ECLI:NL:OGHACMB:2018:113
Gemeenschappelijk Hof van Justitie van Aruba, Curaçao, Sint Maarten en van Bonaire, Sint Eustatius en Saba
- Hoger beroep
- Rechtspraak.nl
Schorsing tenuitvoerlegging in arbeidsgeschil tussen Pearl Development N.V. en [geïntimeerde]
In deze zaak heeft het Gemeenschappelijk Hof van Justitie van Aruba, Curaçao, Sint Maarten en van Bonaire, Sint Eustatius en Saba op 22 juni 2018 uitspraak gedaan in een hoger beroep van Pearl Development N.V. tegen een beschikking van het Gerecht in eerste aanleg van Sint Maarten. Pearl, de appellante, verzocht om schorsing van de tenuitvoerlegging van de bestreden beschikking, waarin het GEA had geoordeeld dat Pearl een bedrag van US$ 82.756,21 aan override component, US$ 113.382,79 aan TO commissie en minimumloon moest betalen, alsook de terugplaatsing van de geïntimeerde in zijn functie van sales manager. De beschikking was uitvoerbaar bij voorraad verklaard, wat Pearl wilde aanvechten.
De procedure begon met een beroepschrift van Pearl op 29 mei 2018, waarin zij de schorsing van de tenuitvoerlegging vroeg. De geïntimeerde, die oorspronkelijk verzoeker was, heeft hiertegen verweer gevoerd en verzocht om afwijzing van de verzoeken van Pearl. Het Hof heeft de belangen van beide partijen afgewogen en geconcludeerd dat Pearl geen feiten of omstandigheden heeft aangedragen die rechtvaardigen dat van de eerdere beslissing van het GEA wordt afgeweken.
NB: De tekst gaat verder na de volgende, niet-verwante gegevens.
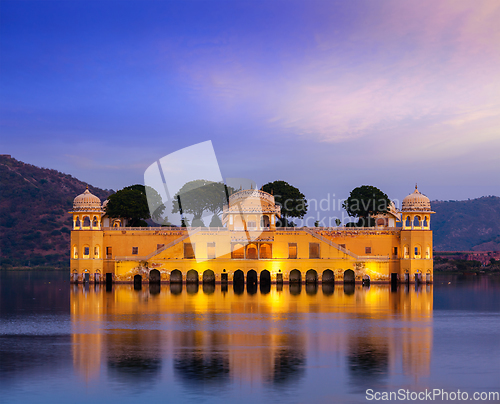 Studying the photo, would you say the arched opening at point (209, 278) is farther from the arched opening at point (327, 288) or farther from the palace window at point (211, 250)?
the arched opening at point (327, 288)

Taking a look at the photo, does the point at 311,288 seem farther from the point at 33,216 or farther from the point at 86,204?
the point at 33,216

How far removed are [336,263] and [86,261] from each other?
22.3 m

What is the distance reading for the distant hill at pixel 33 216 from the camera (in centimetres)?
10188

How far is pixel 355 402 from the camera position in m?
17.3

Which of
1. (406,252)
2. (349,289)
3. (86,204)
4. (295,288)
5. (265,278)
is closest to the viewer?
(349,289)

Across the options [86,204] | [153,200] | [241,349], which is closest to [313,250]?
[153,200]

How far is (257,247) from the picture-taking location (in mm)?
61031

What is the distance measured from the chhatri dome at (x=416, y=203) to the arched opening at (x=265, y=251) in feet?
43.0

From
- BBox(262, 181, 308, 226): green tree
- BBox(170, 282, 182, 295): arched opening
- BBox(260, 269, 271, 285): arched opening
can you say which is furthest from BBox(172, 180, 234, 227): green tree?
BBox(170, 282, 182, 295): arched opening

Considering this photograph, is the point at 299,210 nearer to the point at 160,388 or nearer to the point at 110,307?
the point at 110,307

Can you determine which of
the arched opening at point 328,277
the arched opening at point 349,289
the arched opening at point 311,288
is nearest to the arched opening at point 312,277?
the arched opening at point 311,288

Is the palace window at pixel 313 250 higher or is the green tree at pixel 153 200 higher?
the green tree at pixel 153 200

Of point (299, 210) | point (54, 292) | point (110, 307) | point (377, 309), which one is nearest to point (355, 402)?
point (377, 309)

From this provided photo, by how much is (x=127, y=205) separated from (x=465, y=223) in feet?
352
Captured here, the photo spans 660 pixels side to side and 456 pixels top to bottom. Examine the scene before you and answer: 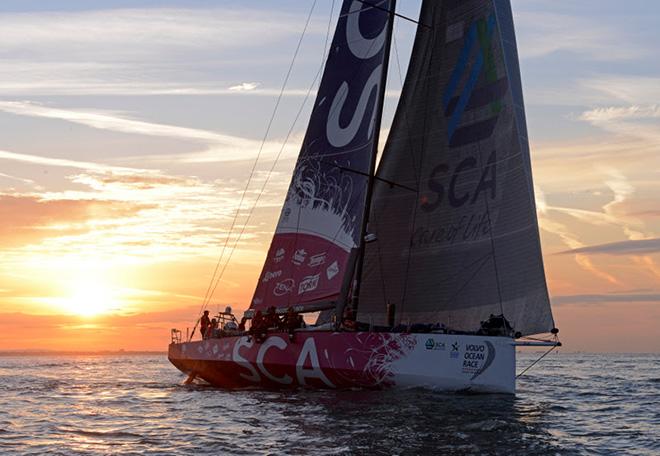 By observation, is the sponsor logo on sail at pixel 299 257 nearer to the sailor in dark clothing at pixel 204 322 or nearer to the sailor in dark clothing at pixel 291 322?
the sailor in dark clothing at pixel 291 322

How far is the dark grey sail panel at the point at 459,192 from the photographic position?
23.1 metres

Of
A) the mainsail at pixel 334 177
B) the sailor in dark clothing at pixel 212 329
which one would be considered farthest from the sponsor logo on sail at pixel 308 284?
the sailor in dark clothing at pixel 212 329

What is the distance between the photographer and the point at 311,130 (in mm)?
27469

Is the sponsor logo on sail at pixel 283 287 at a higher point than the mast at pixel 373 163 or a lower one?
lower

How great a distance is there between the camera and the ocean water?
15219 millimetres

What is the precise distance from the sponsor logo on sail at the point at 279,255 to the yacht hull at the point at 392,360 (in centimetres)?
334

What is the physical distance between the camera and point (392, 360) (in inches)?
841

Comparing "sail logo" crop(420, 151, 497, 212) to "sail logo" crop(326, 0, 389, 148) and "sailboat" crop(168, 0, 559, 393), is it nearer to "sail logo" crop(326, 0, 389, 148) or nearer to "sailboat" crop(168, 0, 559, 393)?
"sailboat" crop(168, 0, 559, 393)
Het Hof oordeelde dat de verzoeken tot schorsing en zekerheidsstelling moesten worden afgewezen, omdat de tenuitvoerlegging niet klaarblijkelijk op een juridische of feitelijke misslag berustte.
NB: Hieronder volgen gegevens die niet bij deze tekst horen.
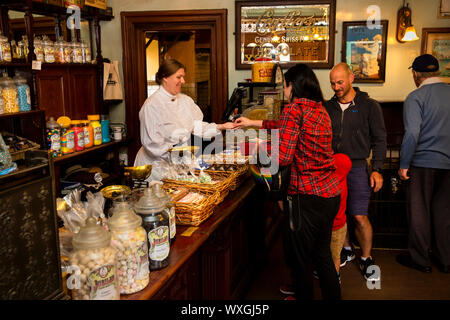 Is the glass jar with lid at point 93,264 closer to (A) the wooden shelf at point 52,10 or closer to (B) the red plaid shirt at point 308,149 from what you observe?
(B) the red plaid shirt at point 308,149

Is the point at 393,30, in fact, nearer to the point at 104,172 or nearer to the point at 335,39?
the point at 335,39

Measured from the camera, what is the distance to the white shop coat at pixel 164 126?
3510 mm

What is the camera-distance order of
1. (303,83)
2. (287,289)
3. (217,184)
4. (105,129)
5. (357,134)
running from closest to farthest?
(303,83) → (217,184) → (287,289) → (357,134) → (105,129)

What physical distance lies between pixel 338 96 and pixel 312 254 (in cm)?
141

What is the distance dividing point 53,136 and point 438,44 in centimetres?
403

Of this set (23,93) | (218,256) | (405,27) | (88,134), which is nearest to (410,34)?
(405,27)

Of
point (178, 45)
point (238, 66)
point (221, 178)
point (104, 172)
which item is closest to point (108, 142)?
point (104, 172)

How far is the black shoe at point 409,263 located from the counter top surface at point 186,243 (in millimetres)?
1836

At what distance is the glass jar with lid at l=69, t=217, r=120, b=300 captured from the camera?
1.26 m

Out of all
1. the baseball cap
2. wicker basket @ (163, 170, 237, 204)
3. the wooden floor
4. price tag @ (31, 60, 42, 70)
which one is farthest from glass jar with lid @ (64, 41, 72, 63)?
the baseball cap

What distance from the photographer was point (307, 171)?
93.6 inches

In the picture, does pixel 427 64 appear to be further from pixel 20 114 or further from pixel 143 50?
pixel 20 114

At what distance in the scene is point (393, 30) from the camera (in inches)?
178

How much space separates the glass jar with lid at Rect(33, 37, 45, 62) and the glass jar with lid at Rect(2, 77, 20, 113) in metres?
0.48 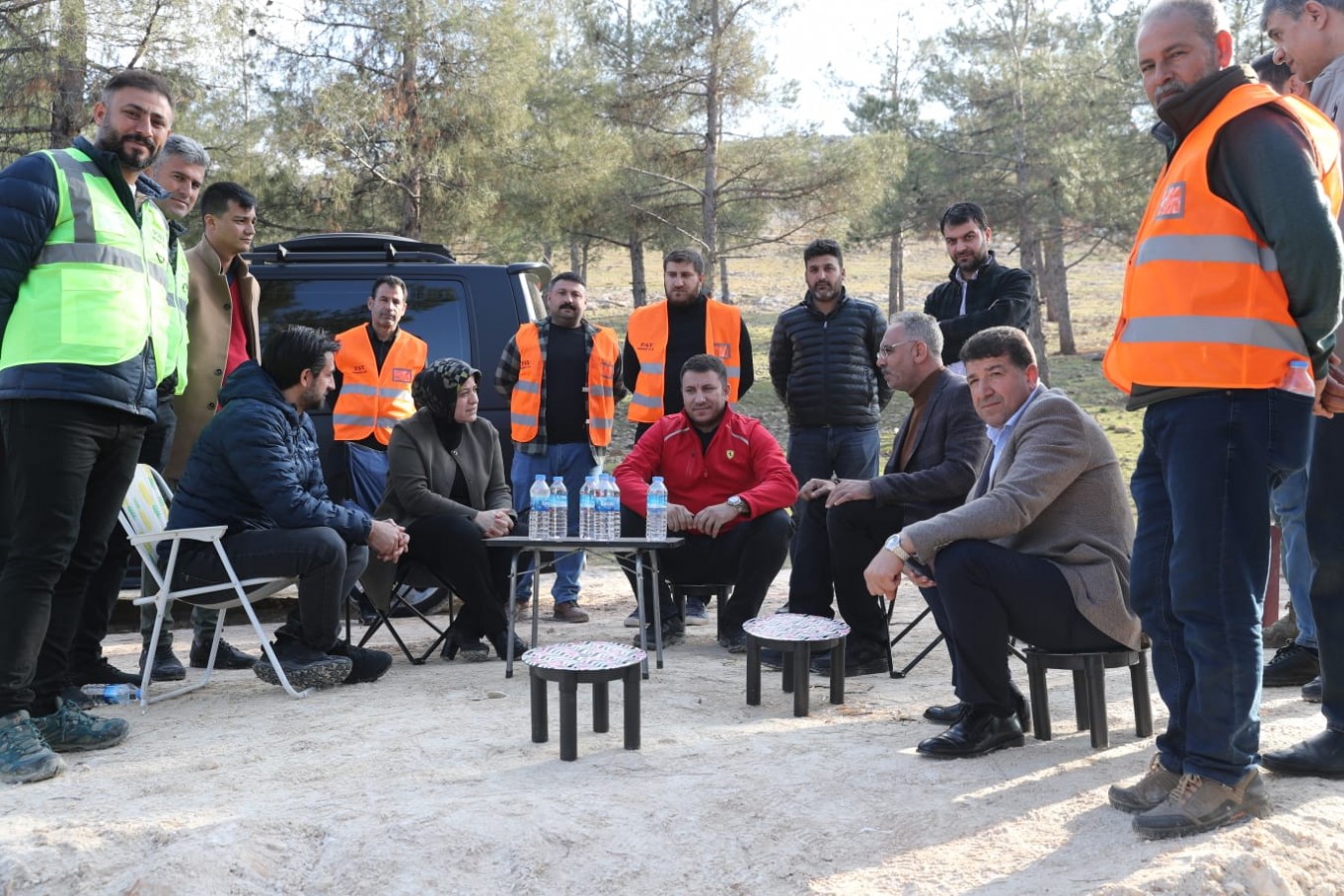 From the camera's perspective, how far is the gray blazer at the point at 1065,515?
145 inches

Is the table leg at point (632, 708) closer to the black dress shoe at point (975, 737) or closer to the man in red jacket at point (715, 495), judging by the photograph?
the black dress shoe at point (975, 737)

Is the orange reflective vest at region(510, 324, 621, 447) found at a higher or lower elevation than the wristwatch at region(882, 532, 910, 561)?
higher

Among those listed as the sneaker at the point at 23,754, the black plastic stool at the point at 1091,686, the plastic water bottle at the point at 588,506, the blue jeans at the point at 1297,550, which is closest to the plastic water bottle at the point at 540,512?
the plastic water bottle at the point at 588,506

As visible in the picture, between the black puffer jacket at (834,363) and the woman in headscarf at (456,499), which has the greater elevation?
the black puffer jacket at (834,363)

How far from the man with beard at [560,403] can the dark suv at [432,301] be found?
0.58ft

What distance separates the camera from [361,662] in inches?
196

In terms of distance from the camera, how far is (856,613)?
511 cm

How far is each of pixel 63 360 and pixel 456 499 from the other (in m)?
2.20

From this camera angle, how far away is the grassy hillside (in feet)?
53.2

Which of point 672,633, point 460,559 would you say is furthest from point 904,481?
point 460,559

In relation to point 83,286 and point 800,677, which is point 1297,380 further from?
point 83,286

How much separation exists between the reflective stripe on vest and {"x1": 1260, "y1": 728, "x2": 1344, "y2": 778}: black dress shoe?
11.5 feet

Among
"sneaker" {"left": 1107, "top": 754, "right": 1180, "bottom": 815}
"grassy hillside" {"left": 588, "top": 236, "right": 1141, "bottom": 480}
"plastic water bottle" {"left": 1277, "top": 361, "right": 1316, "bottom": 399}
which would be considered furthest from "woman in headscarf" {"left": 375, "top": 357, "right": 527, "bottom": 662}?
"grassy hillside" {"left": 588, "top": 236, "right": 1141, "bottom": 480}

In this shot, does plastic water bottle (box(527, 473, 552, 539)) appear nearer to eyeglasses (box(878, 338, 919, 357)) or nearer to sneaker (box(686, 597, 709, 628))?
sneaker (box(686, 597, 709, 628)) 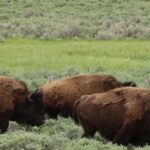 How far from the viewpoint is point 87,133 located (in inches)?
444

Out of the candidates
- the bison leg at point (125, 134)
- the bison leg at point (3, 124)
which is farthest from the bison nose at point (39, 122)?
the bison leg at point (125, 134)

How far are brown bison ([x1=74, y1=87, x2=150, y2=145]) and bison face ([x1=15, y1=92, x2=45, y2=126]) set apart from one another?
1214 mm

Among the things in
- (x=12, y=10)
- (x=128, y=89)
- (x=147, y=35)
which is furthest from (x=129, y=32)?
(x=128, y=89)

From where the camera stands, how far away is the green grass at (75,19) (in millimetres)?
32938

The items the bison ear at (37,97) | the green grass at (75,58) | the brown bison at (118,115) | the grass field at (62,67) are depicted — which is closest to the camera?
the grass field at (62,67)

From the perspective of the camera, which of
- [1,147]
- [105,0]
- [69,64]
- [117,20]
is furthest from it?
[105,0]

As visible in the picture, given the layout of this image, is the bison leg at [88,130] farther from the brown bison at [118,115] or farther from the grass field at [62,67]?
the grass field at [62,67]

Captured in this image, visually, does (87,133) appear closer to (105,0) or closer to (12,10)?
(12,10)

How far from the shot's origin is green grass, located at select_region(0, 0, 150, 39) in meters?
32.9

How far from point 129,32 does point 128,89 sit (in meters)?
22.4

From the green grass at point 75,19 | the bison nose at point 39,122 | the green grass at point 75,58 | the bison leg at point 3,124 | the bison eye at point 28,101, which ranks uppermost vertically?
the bison eye at point 28,101

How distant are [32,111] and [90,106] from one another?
1.66m

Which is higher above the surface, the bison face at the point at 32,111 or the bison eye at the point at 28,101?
the bison eye at the point at 28,101

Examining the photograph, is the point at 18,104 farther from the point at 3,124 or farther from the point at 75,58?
the point at 75,58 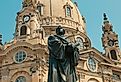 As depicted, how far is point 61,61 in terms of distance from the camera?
9.88 metres

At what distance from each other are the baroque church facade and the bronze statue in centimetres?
2015

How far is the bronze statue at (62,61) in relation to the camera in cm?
971

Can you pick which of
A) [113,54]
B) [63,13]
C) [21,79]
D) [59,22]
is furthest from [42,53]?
[63,13]

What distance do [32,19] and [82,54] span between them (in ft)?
24.5

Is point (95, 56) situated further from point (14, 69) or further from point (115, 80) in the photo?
point (14, 69)

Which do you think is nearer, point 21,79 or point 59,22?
point 21,79

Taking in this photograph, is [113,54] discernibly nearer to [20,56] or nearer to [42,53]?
[42,53]

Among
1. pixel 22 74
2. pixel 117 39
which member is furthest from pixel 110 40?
pixel 22 74

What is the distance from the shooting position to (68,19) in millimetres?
46031

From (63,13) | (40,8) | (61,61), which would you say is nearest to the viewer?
(61,61)

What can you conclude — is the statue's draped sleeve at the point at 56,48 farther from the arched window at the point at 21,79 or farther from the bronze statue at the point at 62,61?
the arched window at the point at 21,79

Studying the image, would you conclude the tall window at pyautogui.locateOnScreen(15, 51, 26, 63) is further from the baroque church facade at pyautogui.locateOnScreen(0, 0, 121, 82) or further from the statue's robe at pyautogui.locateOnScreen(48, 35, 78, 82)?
the statue's robe at pyautogui.locateOnScreen(48, 35, 78, 82)

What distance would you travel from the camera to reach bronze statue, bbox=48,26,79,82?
971 centimetres

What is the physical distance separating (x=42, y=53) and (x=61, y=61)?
23.4 m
De beslissing van het Hof benadrukt dat de belangen van de veroordeelde bij behoud van de bestaande toestand zwaarder wegen dan de belangen van de veroordeling, tenzij er duidelijke redenen zijn om van de eerdere beslissing af te wijken. In dit geval was er onvoldoende bewijs dat de tenuitvoerlegging zou leiden tot een noodtoestand voor Pearl, waardoor de verzoeken werden afgewezen.